It seems strange in the context of this summer, but what are we going to do when humans start fighting about water? When we have to deal with refugees fleeing environmental catastrope?

In my old job, I visited a town called Wajid in Somalia – where 11,000 people had turned up because it had stopped raining where they had been living. The human instinct for survival means this happens – so we need the capability to adapt.

This is happening already on a wider scale. The World Health Organisation has estimated that over 50,000 deaths in Sub-Saharan Africa in 2000 were due to climate change. These deaths were due to diarrhoea, flood injury, malaria and malnutrition. Of course it is those who have least, and those who did least to cause it, who are bearing the greatest burden.

Climate change is already happening and some change cannot be reversed.

Increases in the severity and frequency of flooding are already happening, here in the UK. And look at droughts in Australia, Greece and elsewhere in the world.

June 2007 was our wettest June on record. On my first day in this job I saw at first hand the devastation caused to businesses and schools, and to people’s homes in Doncaster.

I’ve also seen the fantastic response of local communities, local government, the emergency services and neighbour helping neighbour.

We can’t prove that any one event is definitely linked to climate change – but we do know that this is happening and that we can expect more of this in the years to come.

As you know the Government is spending more on flood and coastal defence. And over the last decade, we have shown that progress can been made.

The economy has grown, but UK greenhouse gas emissions are 19 per cent lower since 1990. We’ve shown that economic development is possible while tackling climate change – an important lesson for other countries who are concerned that action to mitigate climate change will harm their growth.

But we need to do much, much more.

That’s why we’re introducing the Climate Change Bill to make us the first country to introduce legislation on binding carbon targets.

Alongside this, an improved Climate Change Levy should deliver annual emissions savings of around 27.5 million tonnes of carbon by 2010.

And businesses will be required to reduce their emissions through the carbon reduction commitment.

And we’re investing – over £570m – in the development and deployment of low carbon and energy efficient technologies. We’ve just given the go-ahead to the world’s largest offshore wind power project – the London Array – which, when completed will produce enough power for 1 in 4 of the homes in Greater London.

Twenty years ago, we wouldn’t have thought that was possible. Today it is, when we work together.

We will need your help, input and enthusiasm on a whole range of important issues. You can help show people how it can be done.

So what should we be doing?

Firstly, we need to think how we can do more to highlight the potential of land and land management to deliver benefits – for climate change, for wildlife, for communities and for the rural economy.

Look, for example, at the Great Fen Project which is working to restore over 3,000 hectares of fenland in the east of England.  This is creating new wildlife habitats and helping us adapt to climate change, at the same time as enhancing flood protection, promoting public access, supporting tourism and creating new opportunities for local businesses. Multiple benefits from a cracking project.

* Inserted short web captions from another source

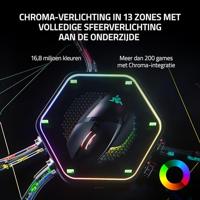 Razer Basilisk V3 Pro - thumbnail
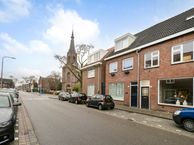 Hoefstraat 185, 5014 NK Tilburg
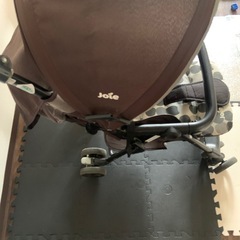ベビーカーの画像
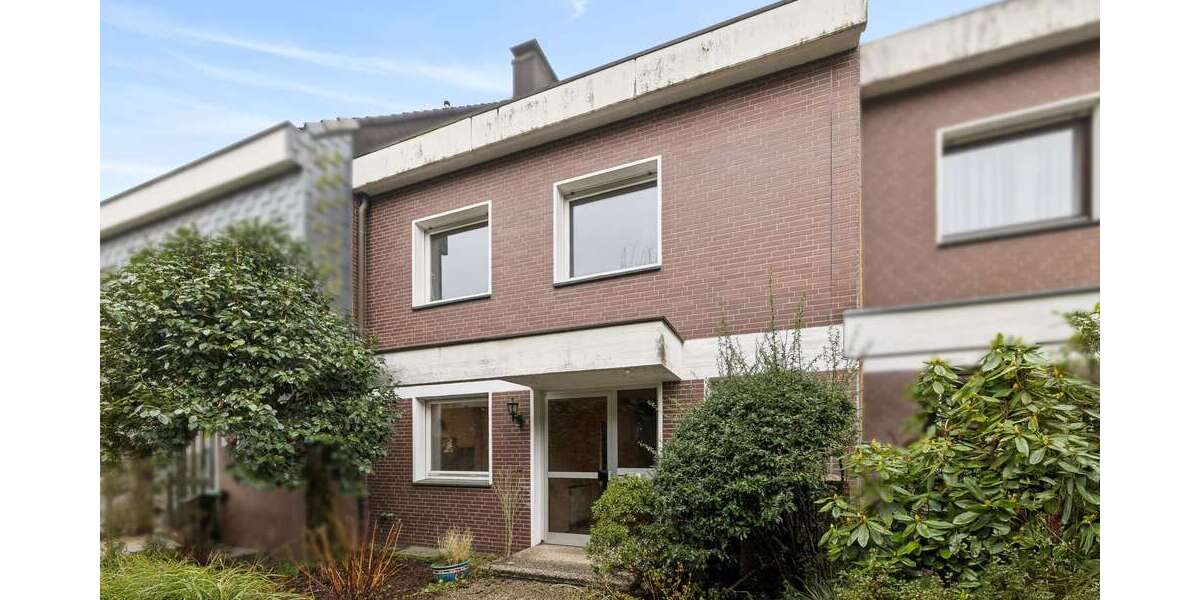 Einfamilienhaus Essen Stadtbezirk VIII - 8 Zimmer, 214 m&sup2;, 495.000&euro; | Angebot:25458318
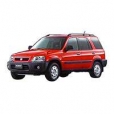 Фаркопы для Honda CR-V 1997-2002
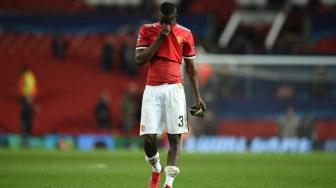 Arsenal dan Tottenham Siap Tampung Eric Bailly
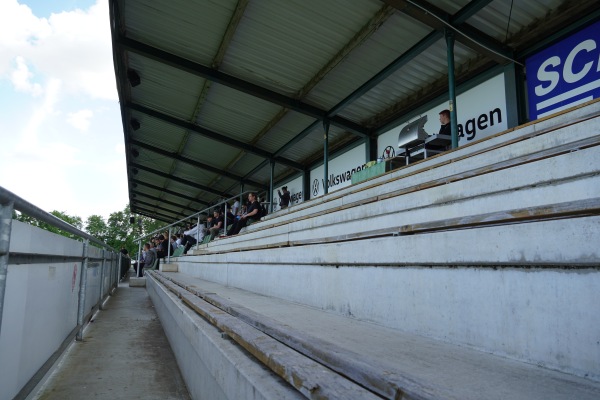Drömlingstadion - Wolfsburg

Although the Fens are unique, that project is just one of many around the country where we are working with landowners, businesses and the others to best use our land.  I firmly believe that these type of partnerships are the way to bring about lasting change on the ground.

We are working with Natural England, the National Trust and others to see what lessons we can learn from these projects, both in terms of what they can achieve and what we can change. 

That’s not to say however that there isn’t intense competition on what to do with land – there is, and we have to deal with it.

Secondly, I think we should be devoting more time, imagination and effort to green infrastructure. I’m encouraged by what you had to say in your survey on how you’re doing exactly that.

The chance to shape and manage watercourses to support flood storage capacity and enhance habitats for wildlife.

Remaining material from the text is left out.